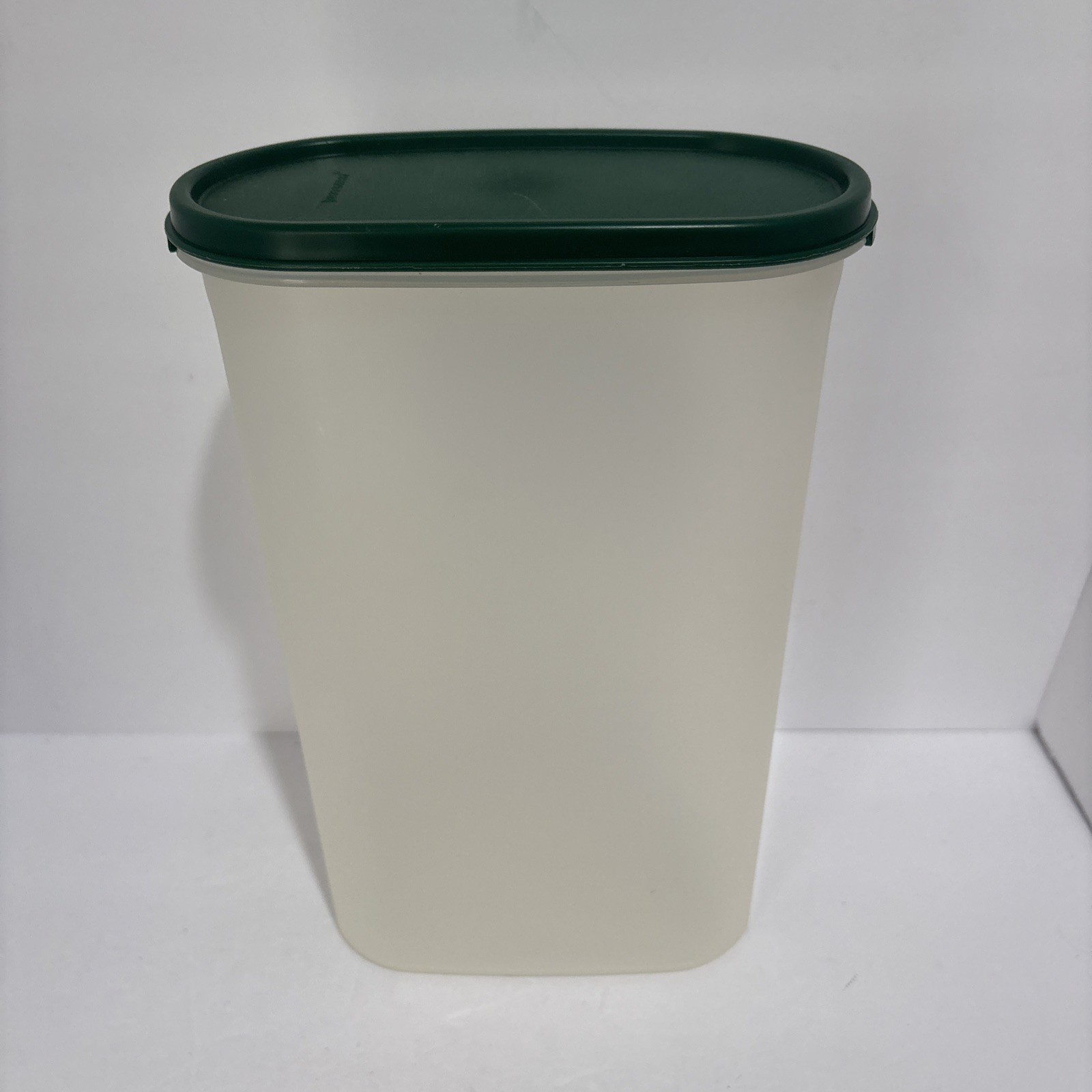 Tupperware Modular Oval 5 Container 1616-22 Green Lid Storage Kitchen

* * *

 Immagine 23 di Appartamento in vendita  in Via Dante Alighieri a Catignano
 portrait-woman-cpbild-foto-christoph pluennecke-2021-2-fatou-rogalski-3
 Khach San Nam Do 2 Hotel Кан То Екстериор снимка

What you will do ▸
From the line containing "Immagine 23 di" down to the line containing "Khach San Nam" in the material above, reproduce every line exactly, including the two end lines.

Reply to the task ▸
 Immagine 23 di Appartamento in vendita  in Via Dante Alighieri a Catignano
 portrait-woman-cpbild-foto-christoph pluennecke-2021-2-fatou-rogalski-3
 Khach San Nam Do 2 Hotel Кан То Екстериор снимка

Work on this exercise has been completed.